About Shivabalayogi Videos
Over ninety edited videos have been posted to You Tube and Google Video that can also be accessed through this website.
To access a complete list of video edits available
online,
go to VIDEO.
About Video Recorded in India in the 1980’s
The videos on Shivabalayogi that are available online are precious. Most devotees have never had the opportunity to see these recordings as the availability of affordable cameras, televisions, and tape players is recent, particularly in India.
“The video cameras we used were rather basic and had no settings for day light or florescent light. To get proper color at night would have required expensive and specialized high wattage (1,000 watts or more) incandescent or halogen lamps. It was only later that cameras evolved that could record good quality video in ordinary night lighting.”
“Devotees kept recording on Swamiji’s insistence, although Swamiji would not arrange for new blank tapes. We had ask the program hosts for the money to buy tapes. Good tapes cost as much as 300 to 400 rupees each — which was a lot in the nineteen eighties. They would instead go and find the cheapest tapes in town. And, after all this, not many had the courage to go and ask Swamiji to let them watch the video; that is if the time was available.

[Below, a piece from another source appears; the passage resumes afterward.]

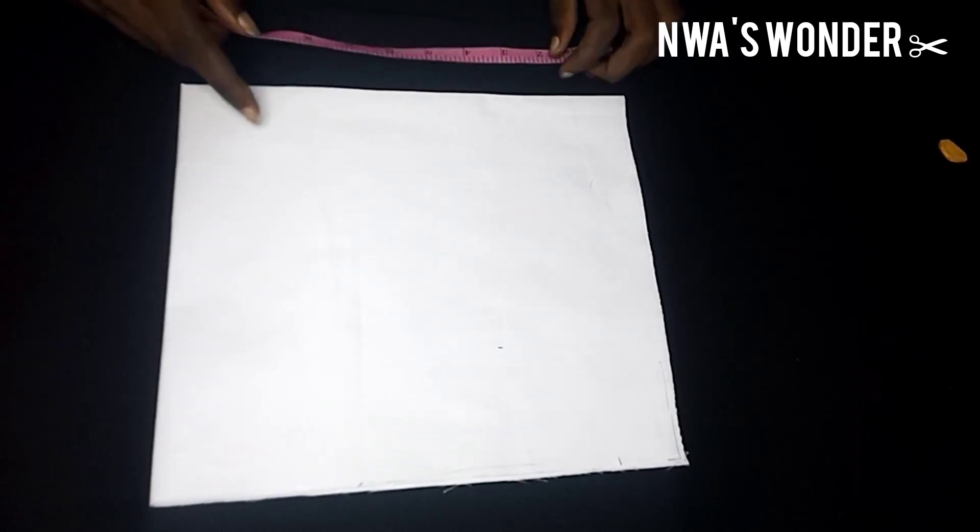Hey guys, welcome back to our channel. In this video I'm going to be showing you how to cut the sleeve of a man's shirt. If that's something you are interested in learning, then stick with us throughout this video so you get to see how I did what I did.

Remember the cassette player and the only colour television were in Swamiji’s room. Those who were rich enough to afford a video cassette player, would gather the courage to beg Swamiji for a copy. If Swamiji approved the copying, first the host had to arrange for a second tape for the copy and making copies was very difficult. We had to take the originals to the studios that had the equipment to copy video tapes and pay for the copying.”

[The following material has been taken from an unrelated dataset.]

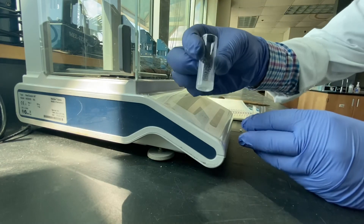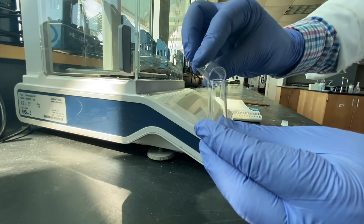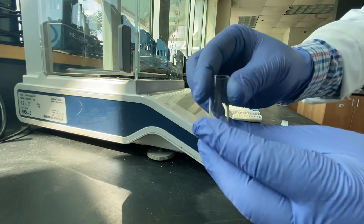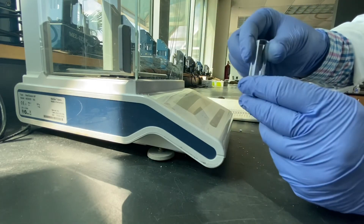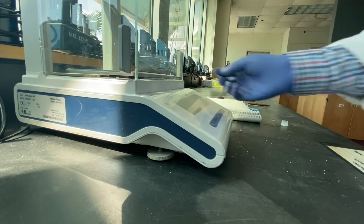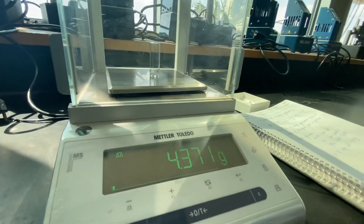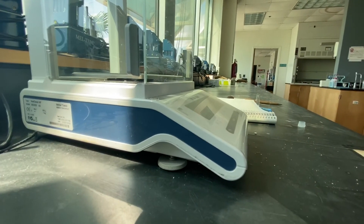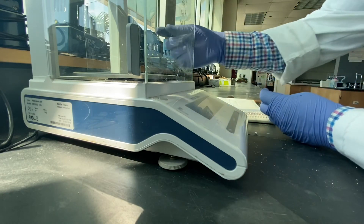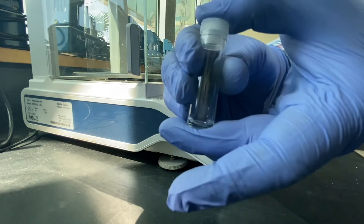Carefully take out the product liquid leaving the sodium sulphate, into this pre-weighed vial. This process is known as decanting. You can also use a pipette to take out the product leaving sodium sulphate behind, but either way be careful not to take any sodium sulphate with it. Re-weigh the vial and record the difference in weights as the mass of product formed. Observe the appearance of this final product and record that as well.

“Considering all this, we hope you will agree we are fortunate to have so much video material from Swamiji’s time even though it may not be the best quality.”
Today, with digital, high definition camcorders and televisions, and broadband internet connections becoming increasingly available throughout the world, darshan of Shivabalayogi in this form is readily available. It is interesting to consider how Swamiji encouraged these videotape recordings and how carefully he hid and preserved them.
He had kept photographs, films, and video tapes in lockers for so many years that the devotees had almost forgotten that they existed. It was only a few months before he dropped his physical form that he brought them out. There were scores of photo albums with thousands of photographs of Swamiji, a couple of dozen films, scores of video tapes, and piles of papers. It was obvious that important photographs used in pamphlets and books had been removed from the albums and never replaced. Had Swamiji not locked up this material, irreplaceable records would have been ruined from poor equipment in dusty conditions, or simply lost.
Swamiji himself preserved them so they could be published and distributed for the devotees.